A lot of "New Moon" focuses on Bella's (Kristen Stewart) obsession with turning eighteen. Edward (Robert Pattinson), it turns out, is 109. (Ew.) However, he was turned into a vampire when he was seventeen, so Bella sees herself as the older of the two. She worries that if she doesn't become immortal soon, Edward may not stay attracted to her. He reassures her with all sorts of flowery words, things like "You being alive is my present." (Gag.)
Just when I start to think the vending-machine Zingers I had for dinner might make a reappearance, Edward inexplicably breaks it off with Bella, and he and the rest of the Cullens leave town. Bella becomes catatonic with grief and months pass before her friend Jacob Black (Taylor Lautner) helps her regain some level of functioning. The two of them engage in crazy teenage hijinks and as time goes by, their friendship looks to be moving to a new level. I'm thinking Jacob's amazing body might have something to do with that. Seriously, Lautner's abs are a thing of beauty but his trapezius muscles alone are worth the price of admission. Props to Meyer for crafting a story that allows for so much shirtlessness without appearing overly gratuitous.
Just when things are looking up for Bella, Jacob tries to push her away too. But she's not letting her best friend bail on her until she figures out why things have changed. Nothing could prepare her for what she learns.

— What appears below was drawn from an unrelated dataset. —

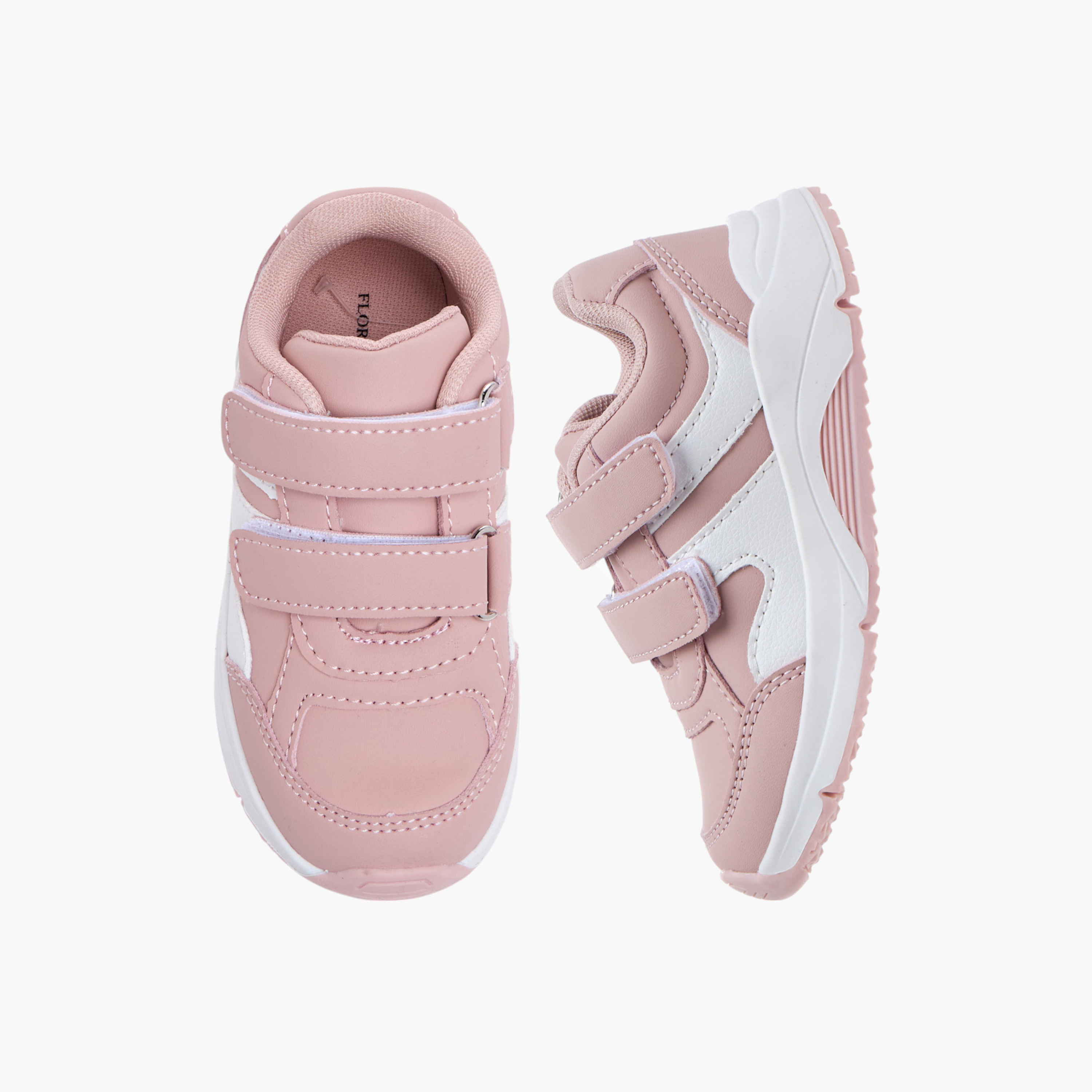 Flora Bella Panelled Sneakers with Hook and Loop Closure-girls-shoes-sneakers-image-1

"New Moon" is visually superior to "Twilight," with some nifty special effects in play throughout the movie. Director Chris Weitz keeps the story moving along, but the film lacks a bit of the dreaminess of its predecessor. Lautner sizzles onscreen (even fully clothed) and he has excellent chemistry with Stewart, who does an adequate job playing a moody teenager, not exactly a stretch for her. Pattinson has great hair, but spends the whole movie looking constipated. And once again, he delivers all his lines like he's reciting unfamiliar poetry. I know Edward is a stone-cold vampire (and I hope I never see the words 'marble chest' again unless they refer to high-end Italian home furnishings), but so are his siblings Alice and Emmett and they don't act as if they're made of rock.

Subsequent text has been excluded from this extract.